First, some things I learned:
1. It doesn’t have to be totally book-centered. Most of the posts and articles I read had a ton of songs, flannelboards, and fingerplays, with only one book (maybe two) somewhere in the middle. This was a little surprising to me at first. After all, it IS called “storytime”, right? But it makes sense when you think about it. Babies don’t have a very long attention span. Songs and rhymes are fun to listen to and easy to remember, so babies develop a positive association with reading and learning.
2. Repetition is key. While looking at actual suggested storytime plans, I was again surprised to see how little the program can vary from week to week. This shouldn’t be a surprise, however, because those of us with children have all experienced the torture of reading the same book over and over and OVER again. Babies like repetition. In Baby Read Aloud Basics, Blakemore and Ramirez emphasize the importance of reading aloud and of repetition. They quote Jim Trelease, read-aloud expert: “If the child has never heard the word, the child will never say the word; and if you have neither heard it nor said it, it’s pretty tough to read it and to write it.” (Baby Read Aloud Basics, 4). Simply put, babies need to hear words–lots of them, over and over, all the time. It’s the most important thing you can do for future literacy. Aside from that, repetition gives very young children a sense of routine, which can be comforting in new social situations like storytime.

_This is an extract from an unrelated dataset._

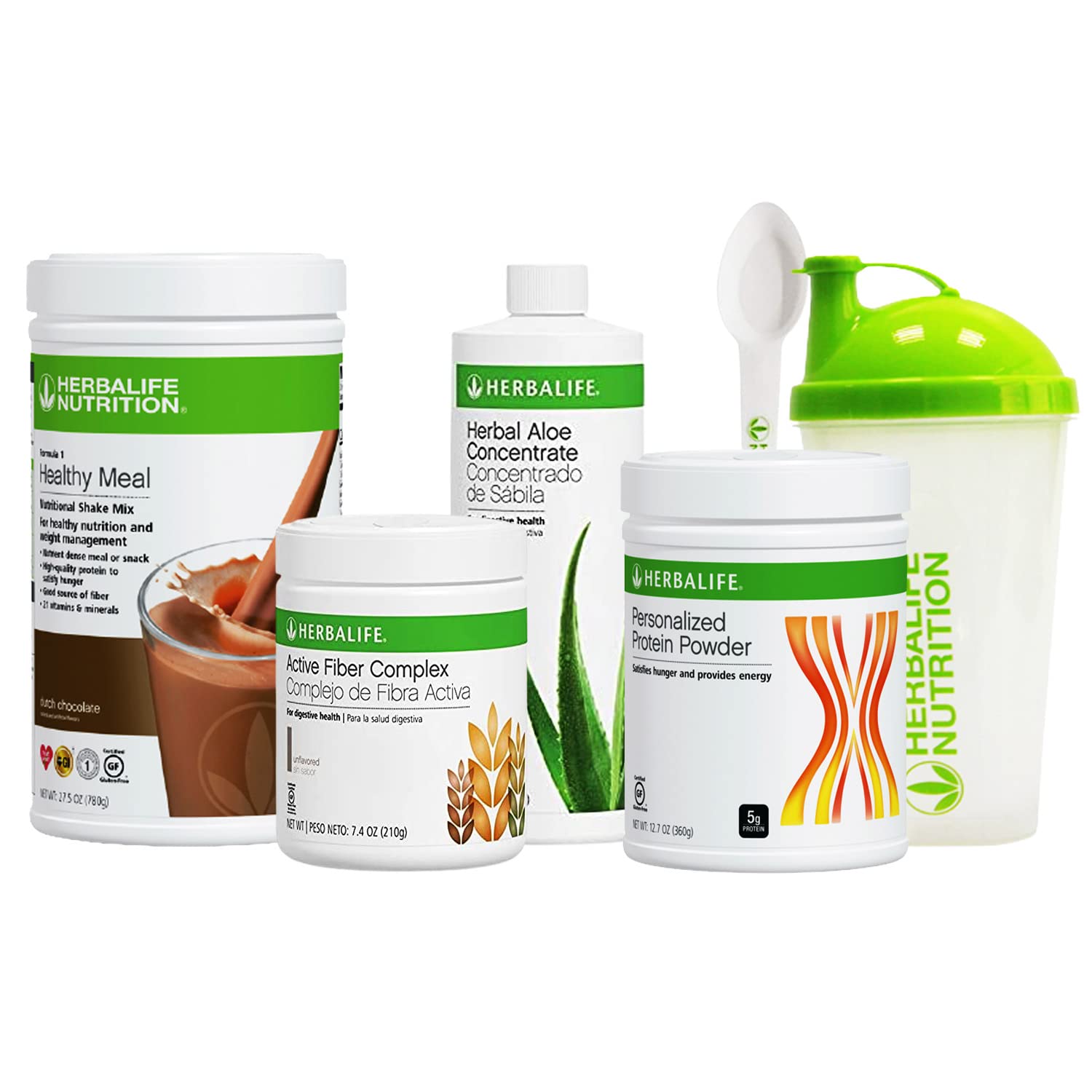 HERBALIFE Formula 1 Dutch Chocolate Nutritional Shake Mix with Active Fiber Complex, Herbal Aloe Concentrate & Protein Powder - Includes Shaker Cup & Spoon for Post-Workout Recovery & Weight Management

So, with these things in mind, here are my ideas for baby storytime.
Introductions: I’m thinking it might be good to start out by learning everyone’s name. This could be helped along through use of a puppet.

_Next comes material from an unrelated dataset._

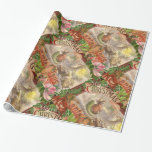 Papel De Regalo Vintage Christmas Santa Claus Sleigh<br><div class="desc">Este Papá Noel vintage está saludando mientras está en su trineo siendo arrastrado por el paisaje invernal por su equipo de renos. Todas las imágenes son victorianas antiguas,  de libros antiguos y tarjetas de felicitación victorianas,  perfectas para los regalos de los Navidades a sus seres queridos.</div>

1. Hello song: (click link to see YouTube video of the song being sung in what appears to be a storytime or circle time setting)
Hello, everybody! We’re so glad to see you. Hello, everybody! We’re so glad to see you. (Can be used like this, or fill in children’s names like so–Hello to Joseph! We’re so glad to see you. Hello to Emily! We’re so glad to see you!)

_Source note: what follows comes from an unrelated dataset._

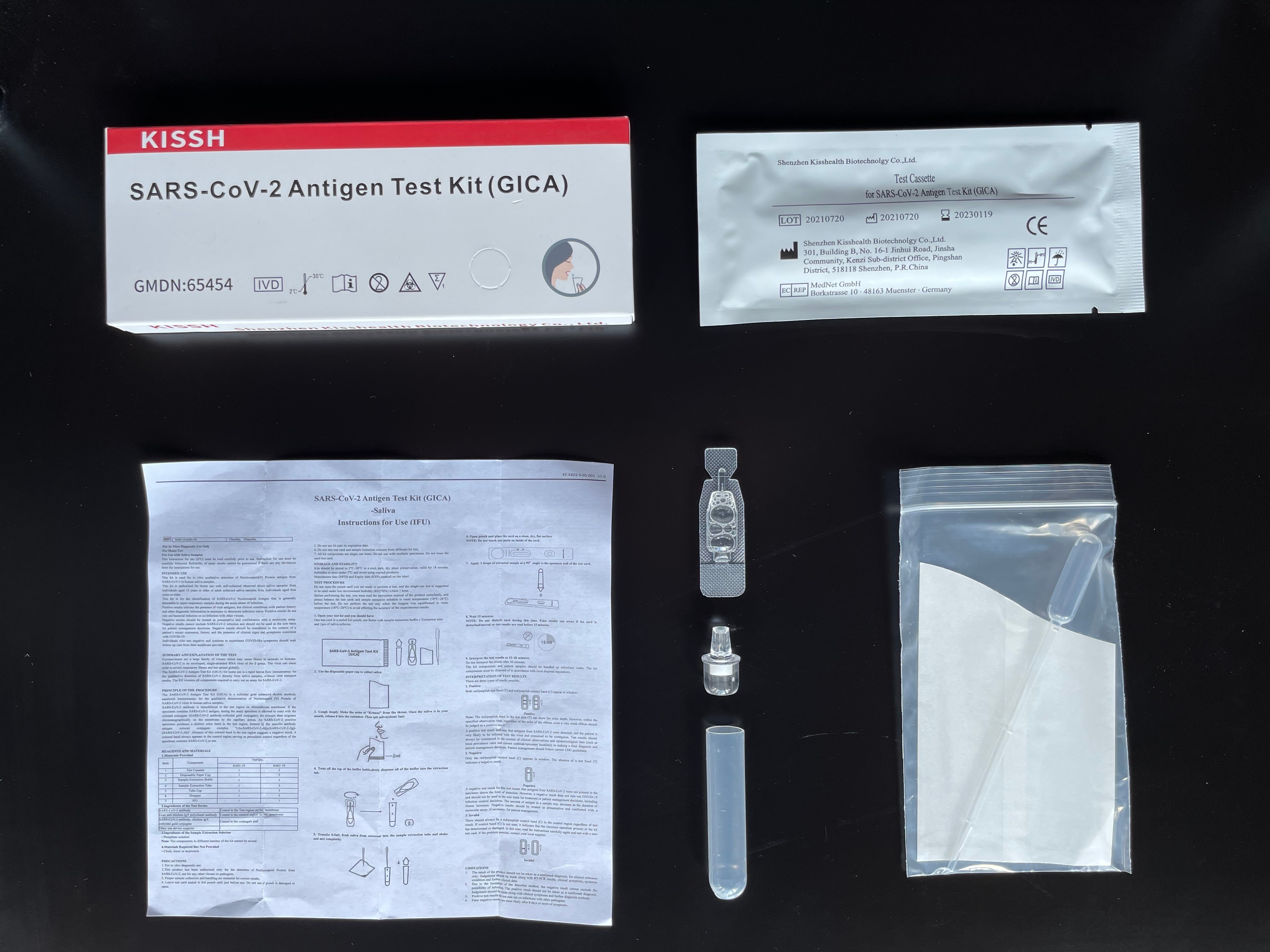 Buy cheap Self Nucleocapsid Protein Rapid Antigen Detection Kit Colloidal Gold 18x4x8cm from wholesalers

2. After the Hello song, an activity like Where is Little Cloud?, or maybe a fingerplay or rhyme that goes along with the theme of the selected book.
3. Book–something large, with bold, bright pictures, and simple text. Chicka Chicka Boom Boom is a great choice, as are nursery rhyme books. Here are some other suggestions.
4. Rhyme cube–Whew, I went the long way around here. I found this idea on the Babygarten website here and thought it would be a great activity for storytime. Basically, you take a cube shaped box, stuff it with paper or plastic bags to stabilize it. Wrap the box in brightly colored paper and glue icons representing different nursery rhymes/songs on each side. Then, put clear contact paper on it to protect it (I used packing tape because I had it on hand and because I have had some pretty negative experiences with clear contact paper sticking to itself!) The rhymes I chose were: Three Little Monkeys Jumping on the Bed; Twinkle, Twinkle Little Star; Little Miss Muffet; Pat-a-Cake; This Little Piggy; and Hey Diddle Diddle. You can either draw icons, make them out of cardstock, or print off free coloring pages and cut them out.
To use the cube, toss it (or have the babies take turns tossing). The group sings/recites whichever song/rhyme it lands on. This can be a game you play every week after the story or between stories.
5. Another book?/free playtime
6. Clean up–Clean Up Song (Clean up, clean up, everybody everywhere. Clean up, clean up, everybody do your share).
7. Goodbye Song (to the tune of London Bridge)
Goodbye, goodbye we’ll see you soon. See you soon, see you soon. Goodbye, goodbye we’ll see you soon. On another day. (Again, you can just do it like this, or insert children’s names–Goodbye, Joseph we’ll see you soon…” etc.
For those of you who have done storytimes, or been to one with your children–how does this plan compare to what you have experienced? Do you have any suggestions? Things you liked or things you hated?